* **THE RECORDS**

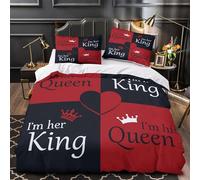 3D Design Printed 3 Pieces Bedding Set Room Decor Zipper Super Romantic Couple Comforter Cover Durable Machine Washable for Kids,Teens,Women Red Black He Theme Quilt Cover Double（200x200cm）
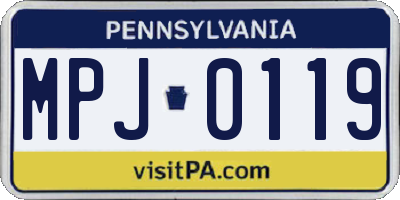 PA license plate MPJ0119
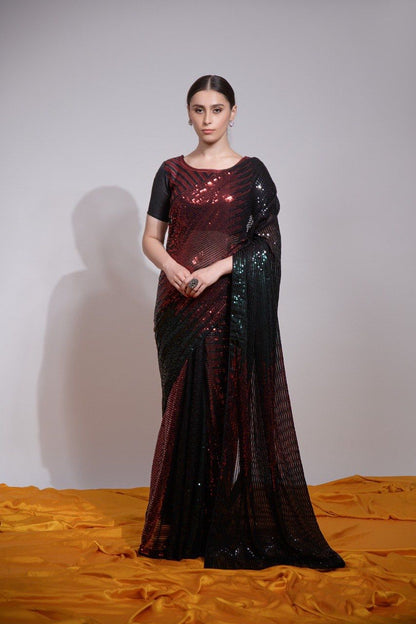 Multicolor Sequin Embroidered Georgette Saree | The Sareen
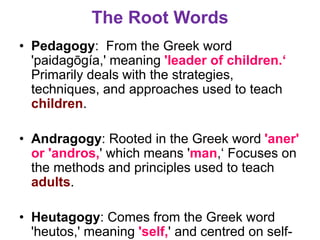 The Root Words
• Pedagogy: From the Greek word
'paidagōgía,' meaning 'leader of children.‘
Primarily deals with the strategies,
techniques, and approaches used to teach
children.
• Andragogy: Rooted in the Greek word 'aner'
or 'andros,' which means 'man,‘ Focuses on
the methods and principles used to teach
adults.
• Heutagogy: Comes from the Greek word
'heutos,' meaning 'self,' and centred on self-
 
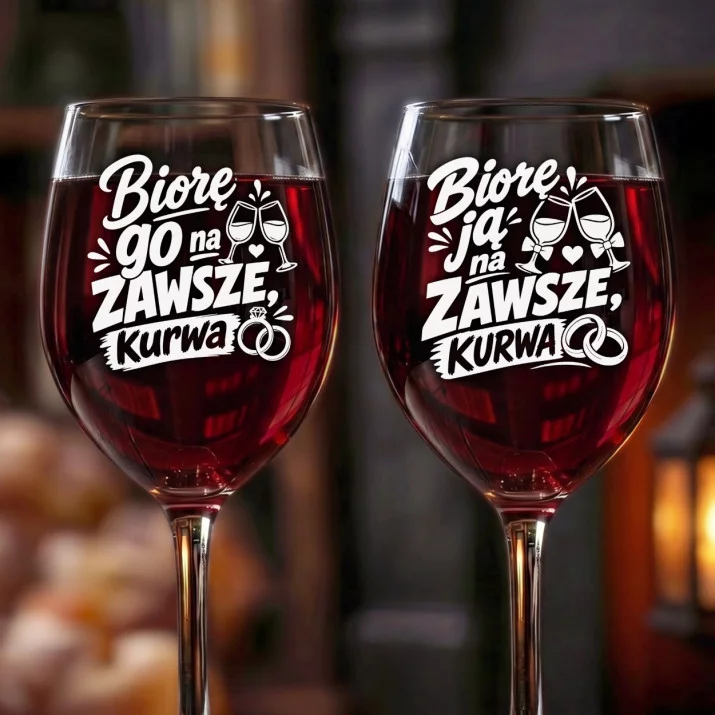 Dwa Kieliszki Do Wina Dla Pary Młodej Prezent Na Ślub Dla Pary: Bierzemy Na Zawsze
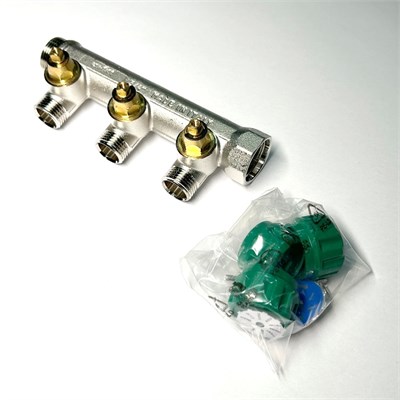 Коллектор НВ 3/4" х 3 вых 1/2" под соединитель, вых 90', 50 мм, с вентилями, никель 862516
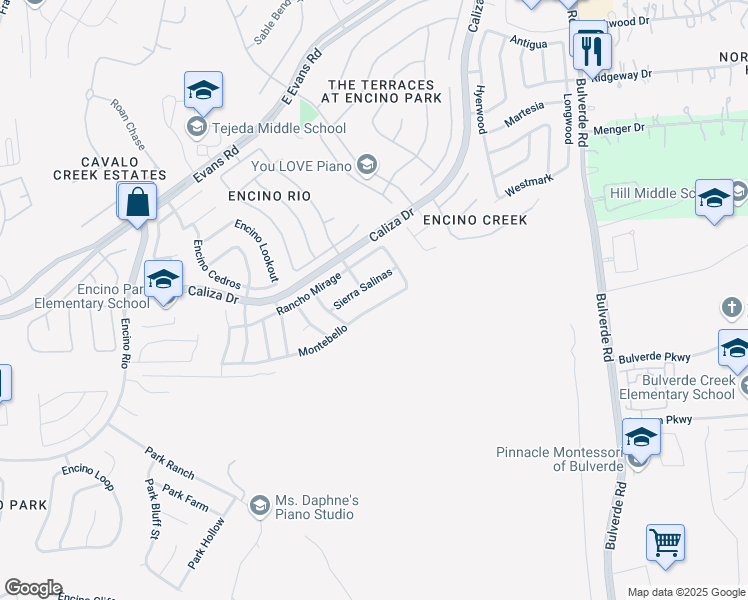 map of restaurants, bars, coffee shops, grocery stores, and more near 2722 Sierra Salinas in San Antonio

* **WHAT TO PRODUCE**
The copy should hold only the lines from the one with "Comes from the Greek word" through the one with "вентилями, никель 862516", exactly as they stand above. Leave out the pictures.

* **RESPONSE AREA**
• Heutagogy: Comes from the Greek word
'heutos,' meaning 'self,' and centred on self-
 
 Dwa Kieliszki Do Wina Dla Pary Młodej Prezent Na Ślub Dla Pary: Bierzemy Na Zawsze
 Коллектор НВ 3/4" х 3 вых 1/2" под соединитель, вых 90', 50 мм, с вентилями, никель 862516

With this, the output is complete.